The Cole, and apparently the Limburg, were each targeted by a
small boat laden with explosives -- the type of assault that
could be launched from hundreds of hide-aways on coasts lining
the strait.
"If there was to be a successful attack in the Malacca Strait
it would potentially have broader strategic consequences which
terrorist groups might like to achieve," Babbage told AFP.
"It's one thing to blow up a tanker off the Yemen coast where
it doesn't really matter that much because its a long way from
anywhere, but if someone blew up something in the Strait of
Malacca it could be pretty horrendous."
Andrew Tan, a security analyst with Singapore's Institute of
Defense and Strategic Studies, agreed that the threat was real,
but said anti-piracy patrols and cooperation between the navies
and maritime police forces of Singapore, Malaysia and Indonesia
"is actually quite good".
However, pirate raids still occur in the Strait, and if a
terrorist attack took the form of launching a small boat packed
with explosives at an oil tanker "there's not much you can do
about it," he said.
"The key to combating terrorism is really to deal with the
networks that exist before these attacks are carried out.
Malaysia and Singapore have made arrests (of members of Jemaah
Islamiyah), the problem is Indonesia."
Jemaah Islamiyah, a suspect in the Bali blast, is believed to
be linked to the al-Qaeda terror network of Osama bin Laden.
Clive Williams, director of terrorism studies at Australian
National University, said he was also concerned about the
possibility of a ship being hijacked in the strait and driven
into another vessel, such as a U.S. warship.
"It would be relatively easy to hijack a ship.

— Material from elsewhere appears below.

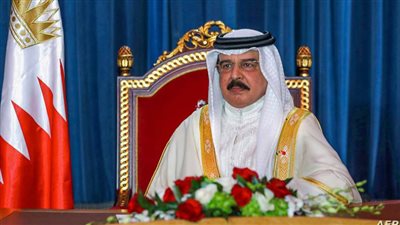 ملك البحرين يبعث برقية عزاء للرئيس السيسي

Nowadays there
are sometimes very small crews and some very big ships only have
eight people on board."
The International Maritime Bureau (IMB) last week proposed two
radical initiatives in a bid to beat piracy, hijacking and
terrorist attacks: electric fences for ships and specially
protected channels for oil tankers.
The London-based organization, which has its Piracy Reporting
Center in the Malaysian capital Kuala Lumpur, said the number of
attacks on ships reported worldwide in the first nine months of
this year was 271, up from 253 in the same period last year.
Hijackings by organized crime syndicates were also up, from 15
to 20.
Indonesian waters experienced the highest number of piracy
attacks overall, with 72 incidents reported.